Some people further make a distinction between external quality and internal quality, where the external quality is experiences by the users and the internal quality is experienced by the developers.

requirements
A simplified view of the hierarchy of requirements.

If it’s not functional, then what is it?

“Non-functional requirements” is not a self-explanatory term. Non-functional is often interpreted as not related to functionality or even worse: technical. When you talk about non-functional requirements you will hear things like “I’m a functional tester/architect/[insert title here], so I don’t care about non-functional requirements”.

To save yourself the pain of having to convince everyone that non-functional requirements are important and actually can be related to functionality, talk about quality requirements instead. Everyone cares about quality. Or at least it’s harder to say “I don’t care about the quality of the product we are making”.

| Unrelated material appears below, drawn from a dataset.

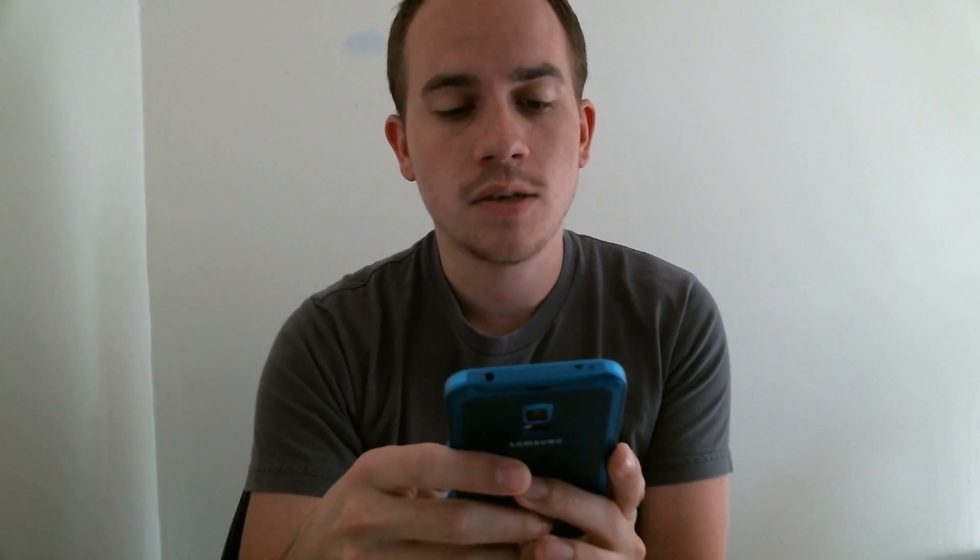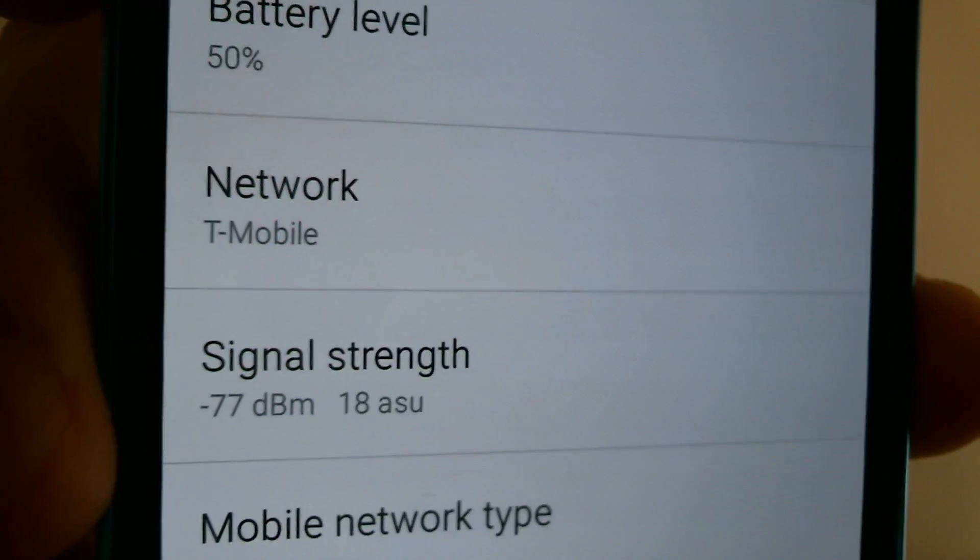If we further jump into the phone details and information under status specifically, we can see that the network pulls up as T-Mobile. Now that doesn't mean that you can necessarily use this with T-Mobile in the U.S. It merely means that the provider that the SIM card belongs to, which is Orange, has a roaming agreement here with T-Mobile in the U.S. so that their customers, when they travel to the U.S., can use their existing phones on roaming service here. So this is just another method of proving that the phone has been unlocked to work with international carriers outside of the U.S.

Quality benefits all stakeholders

Quality requirements are a means to deliver value to all stakeholders – not just the end-user. This is why you and everyone involved in software development should work with quality requirements early and continuously:

  • The user expects user-friendlier, faster, more secure and reliable systems.
  • A maintainable system speeds up lead time, bug fixing and time to onboard new team members.
  • Early focus on quality needs helps you make better choices when it comes to technology, architecture and design.

The problem with not paying attention to quality occurs when we are heavily invested in an architecture or technology that simply does not support our needs. We risk spending too much effort on the wrong solution and are faced with expensive changes.

How mindset affects quality

The path to quality depends on your company’s mindset. Is your IT company managed like a production factory where one change takes numerous man hours and goes through several handovers between different activity-oriented teams consisting of resources i.e. people? Or do you work in a company where people are trusted, empowered and encouraged to be creative and practise DevOps with continuous deployment? Taking the same plan-driven approach to quality as you would in a large factory to a modern IT environment will most likely slow you down and create more resistance towards quality work than it will do any good.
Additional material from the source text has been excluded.